MM to receive top US award for public service
MINISTER Mentor Lee Kuan Yew will receive a prestigious American award for public service.
The Washington-based Woodrow Wilson International Centre for scholars, which administers the award, will hold a gala dinner in New York on Wednesday to honour him. It will also give a corporate citizenship award to Singapore banker and former OCBC chairman Lee Seng Wee.
MM Lee joins a distinguished list of past recipients that includes Vice-President Dick Cheney and former US state secretaries Henry Kissinger and James Baker.
The award is rarely given to those outside America and Europe.
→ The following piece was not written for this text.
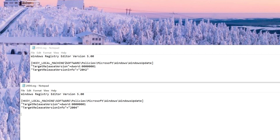Here's that registry section I talked about: HKEY Local Machine, Software, Policies, Microsoft, Windows, Windows Update. Here's the target release version DWORD, and there's that info. We have 20H2 and we have 20H4. When you click on these .reg files, it'll actually prompt you with a UAC prompt and you insert them in your system.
Australian Prime Minister John Howard received it last year.
It is given to those who have served with distinction in public office.
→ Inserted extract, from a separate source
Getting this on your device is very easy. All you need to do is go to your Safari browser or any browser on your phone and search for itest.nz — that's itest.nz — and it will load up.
The centre’s board of trustees, who are appointed by the US president and include Secretary of State Condoleezza Rice, said in the award citation that MM Lee was chosen because “of his devotion to building the country of Singapore into the economic powerhouse it is today”.
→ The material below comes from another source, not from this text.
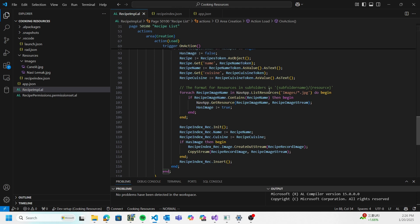The way I do that is with another function that you can use to interact with resources, and that is navapp.listresources. As you can see here, I've got images wildcard JPEG - basically it means give me all the resources that match this pattern.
“He has served as a pillar of action, reforming unemployment and housing policies, promoting racial tolerance, encouraging foreign investment, and creating self- governance.”
It added that he is “a champion of Asian values, a man of integrity, a proponent of law and order, and a great statesman”.
The Woodrow Wilson centre, which is a living memorial to the 28th president of the US, supports research in the social sciences and humanities, with an emphasis in history, political science and international relations.
It hosts more than 500 meetings a year.